Nació el 24 de marzo de 1831 en Xamirás de Acebedo, provincia de Orense, en España. Sus padres fueron Benito Míguez y María González, quienes tuvieron cuatro hijos, nacidos en este orden: María del Carmen, Antonio, José y Manuel (Faustino).

Efectuó los estudios elementales en el pueblo natal y el bachillerato en la Preceptoría de “Los Milagros”, célebre santuario mariano cercano a su pueblo, desde 1845 a 1849. Ingresó al Noviciado de las Escuelas Pías en el Colegio de San Fernando, de Madrid, en el año 1850.

Hizo la profesión de votos temporales en 1851, cambiando el nombre de Manuel por el de Faustino. En ese mismo año empezó los estudios de filosofía y teología en dicho colegio y los terminó en 1855. Profesó solemnemente el 6 de enero de 1853 y se ordenó sacerdote el día 8 de marzo de 1856, empezando su ministerio educativo escolapio en el mismo colegio, donde permaneció el resto del año escolar.

2.2. Primeros indicios de sus vivencias psíquicas

Disponemos de pocos datos para orientarnos en el estudio psicológico del joven Faustino. Pero los que tenemos son ya un indicio valioso que nos pondrá en la pista de lo que completarán otros posteriores.

La educación familiar es fundamental para toda la vida. De los primeros datos que poseemos, deducimos que fue afectiva y acogedora, como para crear en su corazón el auténtico amor a sus padres y hermanos. Posteriormente aparece muy definido el amor a la madre, el cual dejó en él una huella visible, sobre todo en la segunda parte de su vida, como educador de niñas y fundador de una familia religiosa femenina.

La educación religiosa debió ser profunda y muy sincera, aunque sencilla y casi primitiva. La religiosidad fue una dimensión esencial en el P. Faustino desde que tenemos datos de su vida. Esa fe elemental fue después ilustrada por los estudios filosóficos y teológicos.

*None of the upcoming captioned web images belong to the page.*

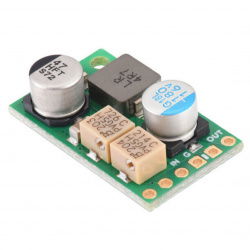 4.2-15V, 3A Fine-Adjust Step-Down Voltage Regulator w/
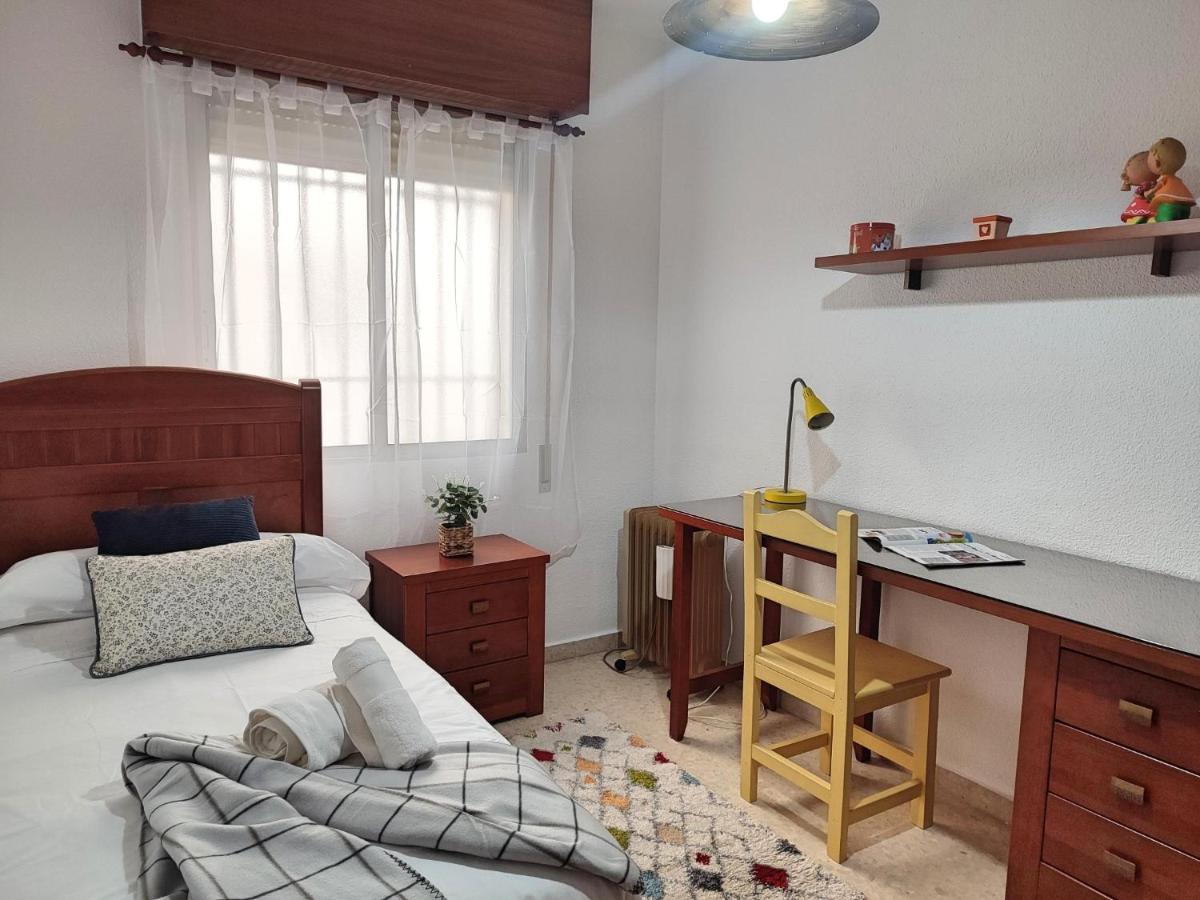 Centrico Apartamento Jardines De Vallellano Kordoba Zewnętrze zdjęcie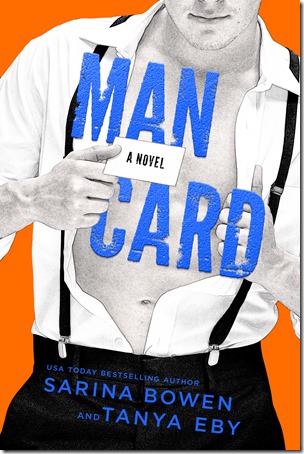 Review: Man Card (Man Hands #2) by Sarina Bowen and Tanya Eby + Excerpt | About That Story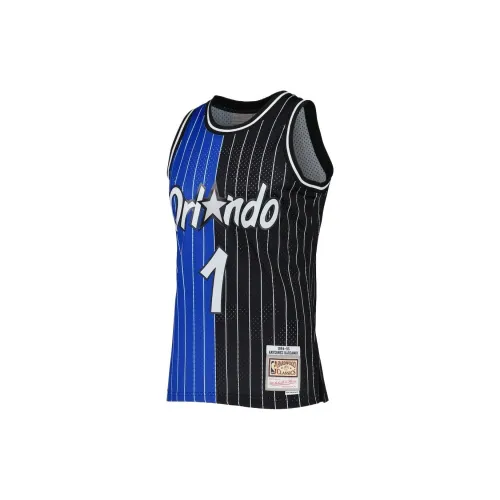 NBA Basketball Jerseys Men Blue/Black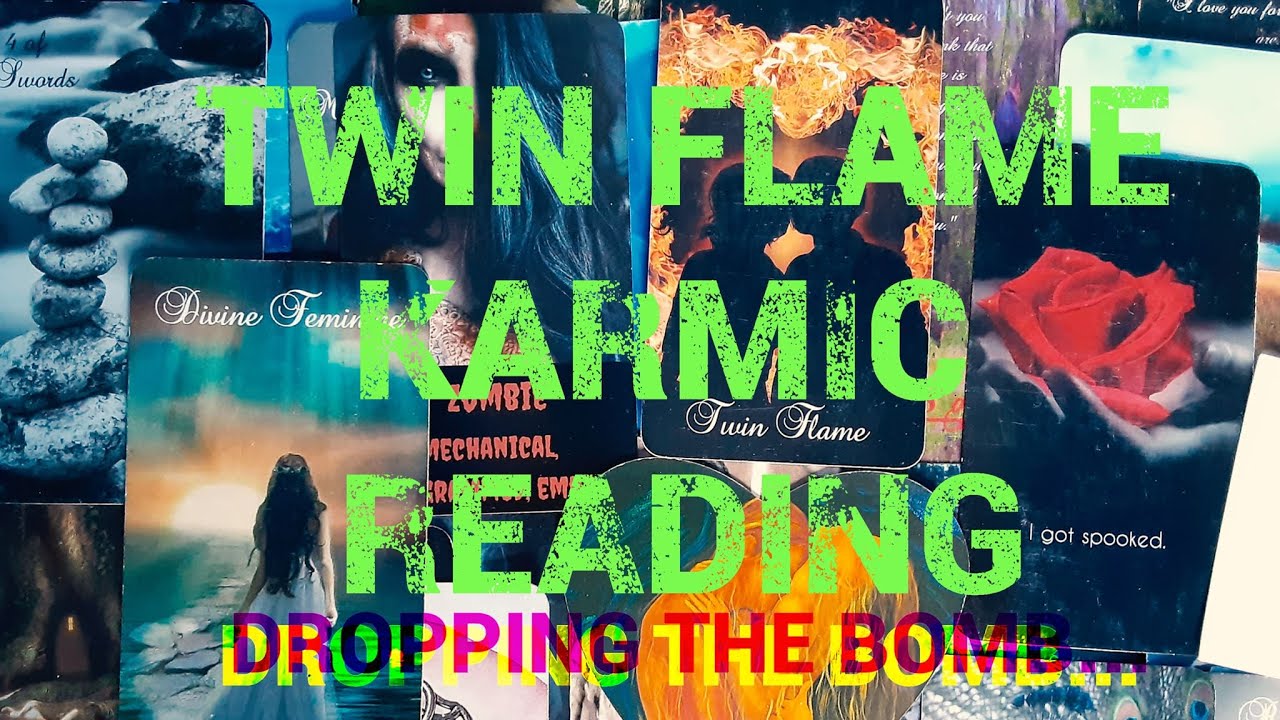 LIES, LIES, LIES!!...TWIN FLAME / KARMIC PARTNER TAROT READING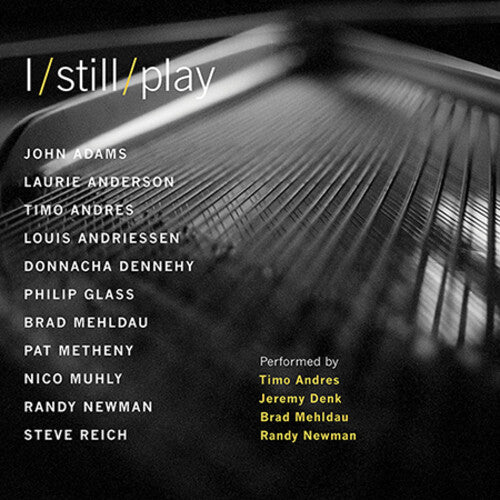 I Still Play - I Still Play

Los primeros documentos que poseemos para fundamentar estas afirmaciones son de los años en que ya era religioso de las Escuelas Pías. El primero es la “renuncia de bienes”, hecha antes de la profesión solemne. Se trata de un acta notarial y por lo tanto de un texto rutinario oficial. No obstante, es imposible que el Faustino que conocemos se limitara, al hacer su profesión, a repetir rutinariamente las palabras que tienen que ver con la pobreza, por ejemplo: “El compareciente… renuncia cuantos derechos, bienes y acciones le puedan corresponder sin reservación alguna[Notas 1]. Si el alma sintonizaba con las palabras, tenemos un “pobre” según el Evangelio. La lectura de las cartas que copiamos en seguida son un indicio de que realmente las palabras y los sentimientos iban de acuerdo en la vida del joven Faustino. Se entrevé la radicalidad en la frase que aparece en la renuncia aludida: “Renuncia para siempre jamás”. La frase merece ser del P. Faustino Míguez Sch.P.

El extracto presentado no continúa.